There is never enough bandwidth in a datacenter that is the size of a football field and that is expected to work more or less like a single computer. While 10 Gb/sec Ethernet on the server and 40 Gb/sec Ethernet on the backbone is fine for many enterprises today, hyperscalers, cloud builders, and service providers are pushing up against these limits and crave more bandwidth.

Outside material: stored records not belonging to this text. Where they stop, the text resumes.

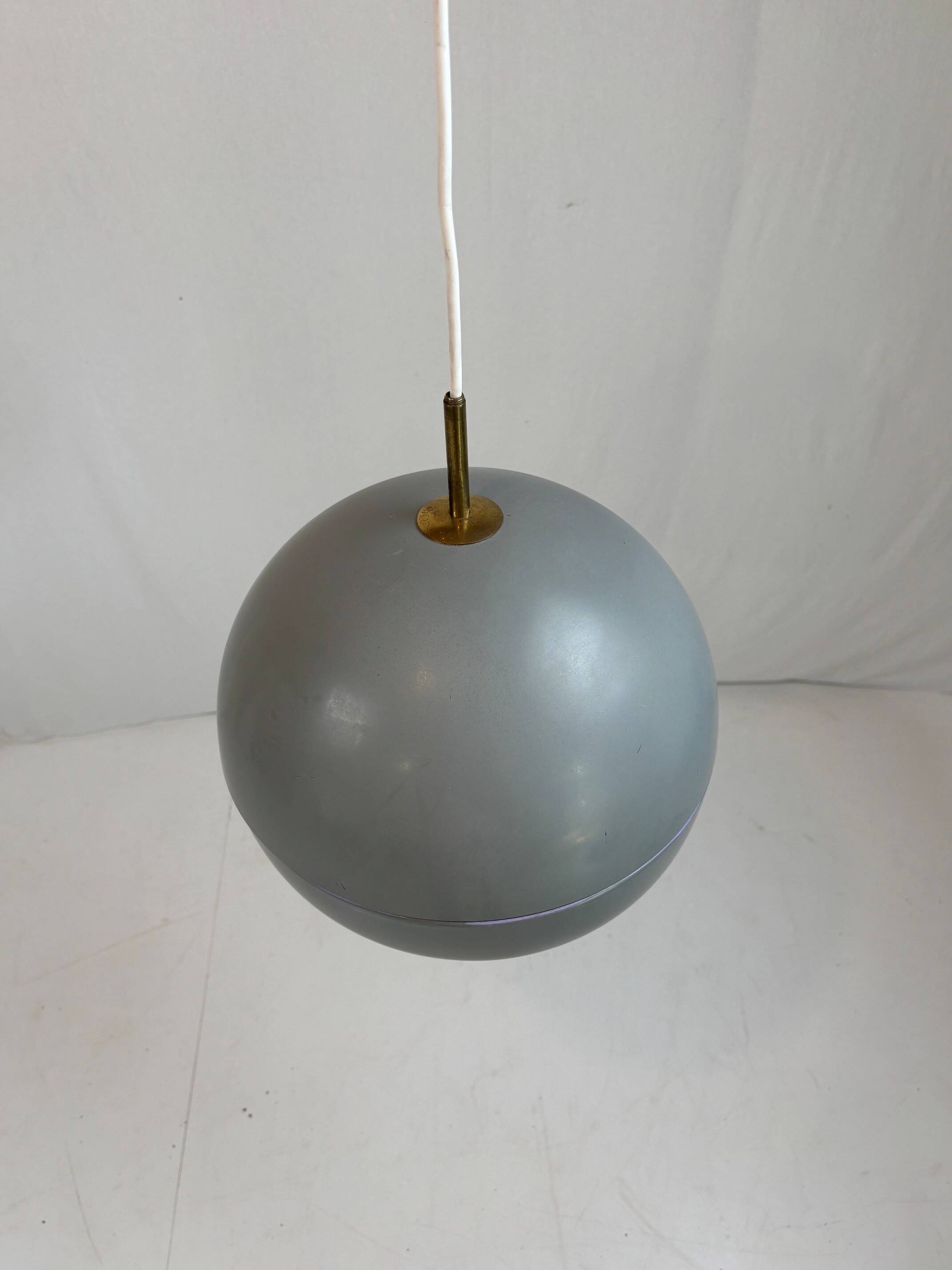 metal and brass suspension - Denmark 60s/70s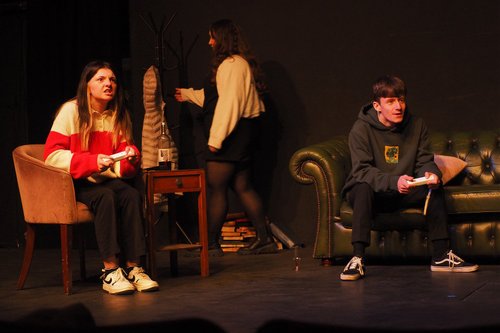 Production image for Things We Didn’t Say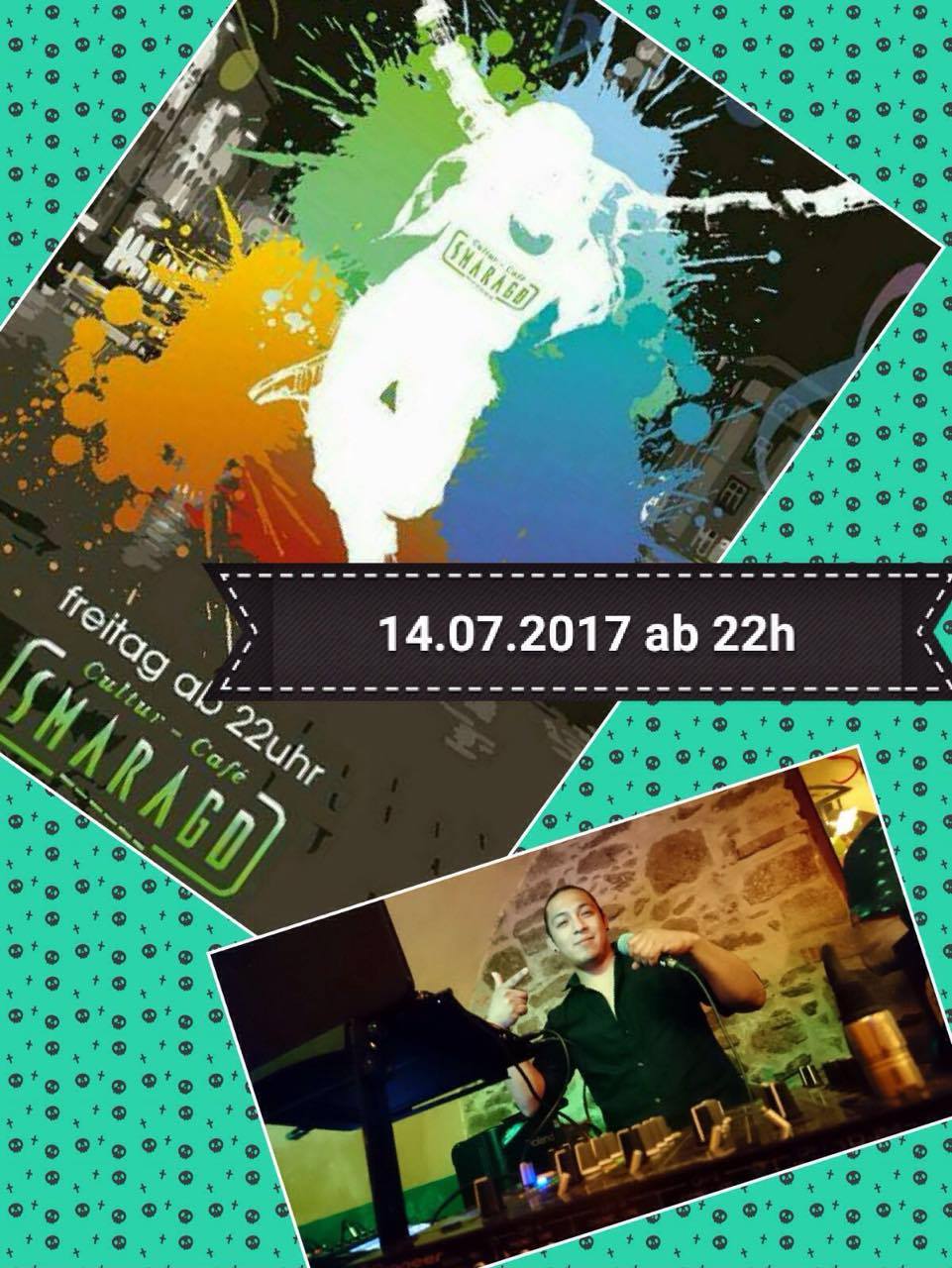 Cultur Cafe Smaragd Linz-Event-Fiesta Latina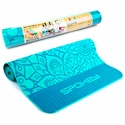 Cvičebná pomôcka Spokey  Mandala Podložka na cvičení vč. popruhu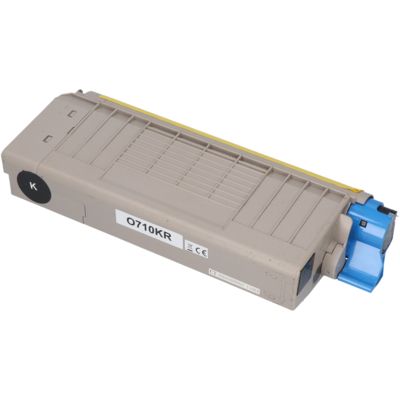Toner kompatibel mit OKI 44318608 - Schwarz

Getting an entire industry to agree on standards and to produce products that must meet an increasingly diversifying set of needs is a challenge, and the Ethernet Alliance, an industry group that has been working with the IEEE and other standards bodies for the past decade to help shape the networking realm, has been putting out a roadmap each year to give us all a sense of where we are going. The latest roadmap was put out this week in conjunction with the Optical Fiber Communication conference, and it has a few tweaks compared to last year’s roadmap, which we walked through in detail last March.
Scott Kipp, who is director of engineering at Brocade, which makes Fibre Channel and Ethernet switches and who is also president of the Ethernet Alliance, gave us the rundown on what has changed in the past year on the roadmap. There is not a lot of change in the datacenter space, but there are some interesting things that will change the future of networking in the glass house as we approach what Kipp calls the Terabit Mountains off in the distance.
The first big change on the Ethernet roadmap is that 1 Tb/sec has been dropped as a future speed, and Kipp says that this is because the industry does not want to have to support ten lanes of traffic on devices to get to that speed. Initial 100 Gb/sec products (mostly routers, backbone switches, and uplinks on aggregation switches in the early days) were based on 10 Gb/sec lanes and had ten of them to reach that bandwidth. (These are the same lanes that were used in the stopgap 40 Gb/sec products that a portion of the market compelled the networking industry to make and that hyperscalers have largely deployed in their fabrics for the past several years.) These 10 Gb/sec lanes were hot and expensive, and the idea going forward is to push lanes to 25 Gb/sec speeds, as the current crop of Ethernet switches are doing, and then ramp up to 50 Gb/sec lanes and then 100 Gb/sec lanes and keep the lane count down around eight. So that gives us future router and switch ports running at 200 Gb/sec and 400 Gb/sec using 50 Gb/sec lanes and then 400 Gb/sec and 800 Gb/sec using 100 Gb/sec lanes.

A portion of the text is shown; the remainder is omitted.